Friday, 25 March 2016

The Red Baron (2008)


The Red Baron is a 2008 war film directed by Nikolai Müllerschoen and starring Matthias Schweighöfer, Lena Headey and Joseph Fiennes.

I bought The Red Baron years ago but only got around to watching it recently because the cheap packaging made it look fairly ordinary. I should have known better than to let packaging deceive me. It’s a fantastic film. I’d put it right up there with War Horse as one of the better films depicting World War One. 

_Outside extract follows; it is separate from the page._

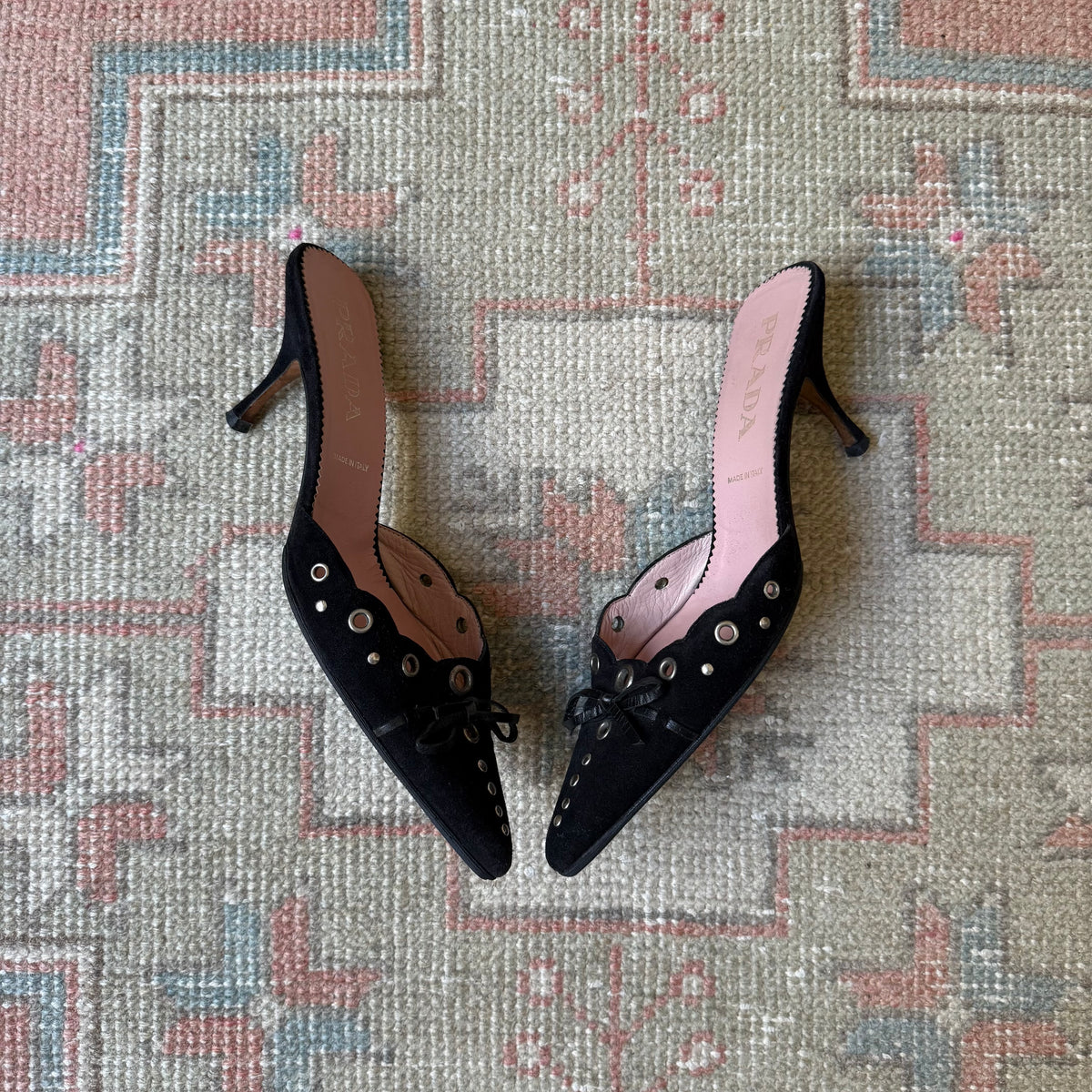 S/S2002 Prada Black Suede Grommet Mules - US 7-7.5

It’s rare to see an English-language film depicting things from the German side, and it’s here that The Red Baron really shines. The Nazi party was still more than a decade away – these fighter pilots are indeed fanatics, but they are fanatic about flying. The combat (at least at first) is completely secondary and they see it more as ‘sport’ than warfare. When Manfred von Richtofen first takes command of a fighter wing he emphasises to his men that they are to shoot down airplanes, not men. There’s a strange sort of chivalry between the British and German fighter pilots (something that was mostly lacking in the trenches they fought above) evident when the Red Baron and his loyal wingmen fly over a British flyer’s funeral at the beginning of the film to drop a wreath. They considered the British their opponents, not their enemies. 

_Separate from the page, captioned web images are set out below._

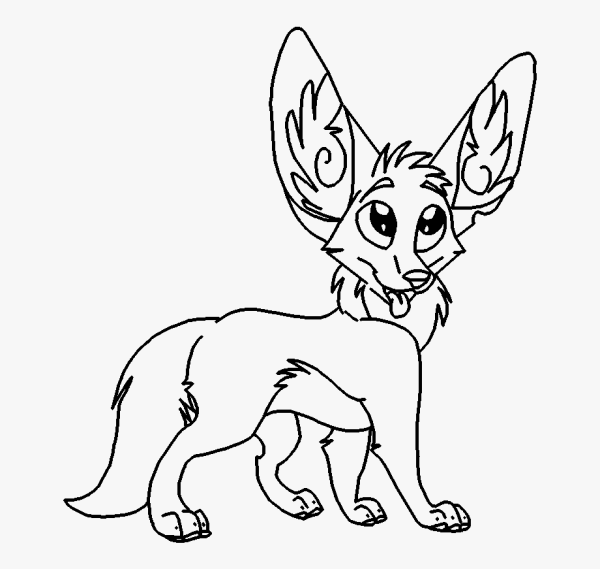 Фенек раскраска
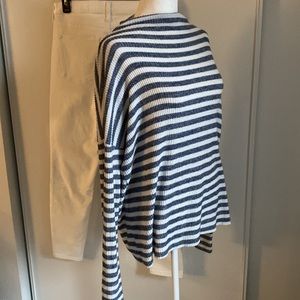 Lucky Brand  Women’s Cloud Soft Cable Mock Neck Long Sleeve Tunic Striped Top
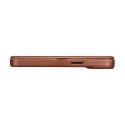 ICarer CE Oil Wax Premium Leather Folio Case skórzane etui iPhone 14 Plus z klapką magnetyczne MagSafe brązowy (AKI14220707-BN)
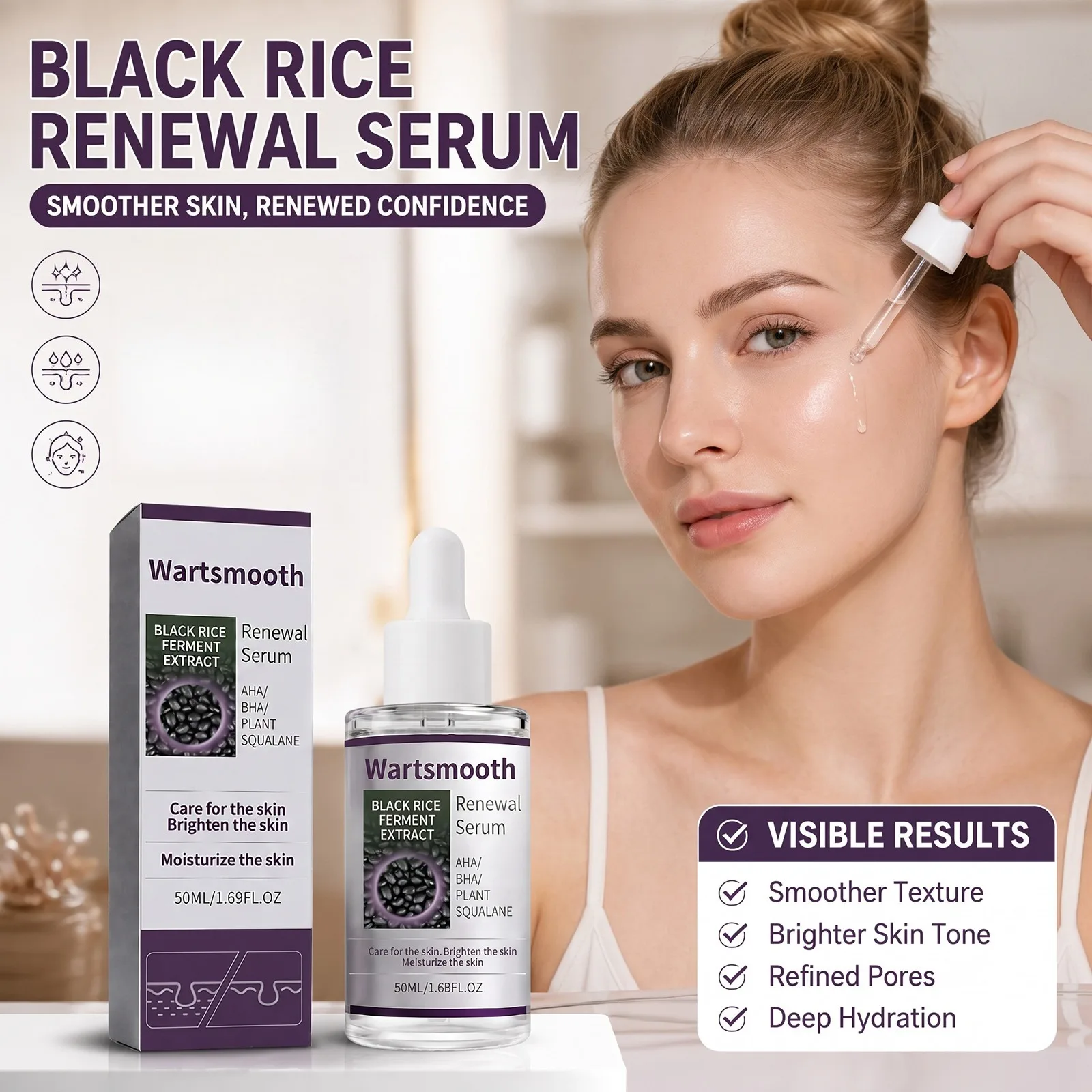 50ML Black Rice Ferment Serum for Aha Bha Squalane Skin Hydration Moisture Brightening Soothing Face Skin Care Essence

This is also illustrated when Richtofen rescues a British pilot he’s shot down (Joseph Fiennes) and pulls him from the plane, handing him over to a nurse (Lena Headey). It’s enough to down the plane, he has no interest in killing the man flying it. He sees himself more as a duelling knight than a soldier, even remarking that dogfighting is like jousting, like ‘a tournament’.

Richtofen is a wonderfully drawn out character. We are first introduced to him as a young boy, and this is one of my favourite scenes. He’s hunting with his younger brother and he has a deer in his sights, but then gets distracted as a plane flies overhead. I like the way he abandons his rifle without shooting the deer – it’s not subtle but it works marvellously: he enjoys the hunt, not the kill.

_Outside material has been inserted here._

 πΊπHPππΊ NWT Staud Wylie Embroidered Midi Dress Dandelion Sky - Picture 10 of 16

Schweighöfer plays Richtofen with a mixture of boyish enthusiasm and war-weariness. His best scene by far is when he’s talking to Lena Headey about why he refuses to accept an officer’s commission (which would see him grounded, giving orders instead of flying, and thus safe as more and more German pilots are blown out of the sky by the advancing allies). He says he refuses to order his men into battle, he will only lead them. 

This scene comes after a mercifully non-sentimental love story between the Baron and the nurse after she treats him for a head wound. He playfully says he’s glad he got shot down because it gave him a chance to see her, so she decides to take the wind out of his sails by showing him the other side of the conflict, the one he has remained immune to while flying above it. 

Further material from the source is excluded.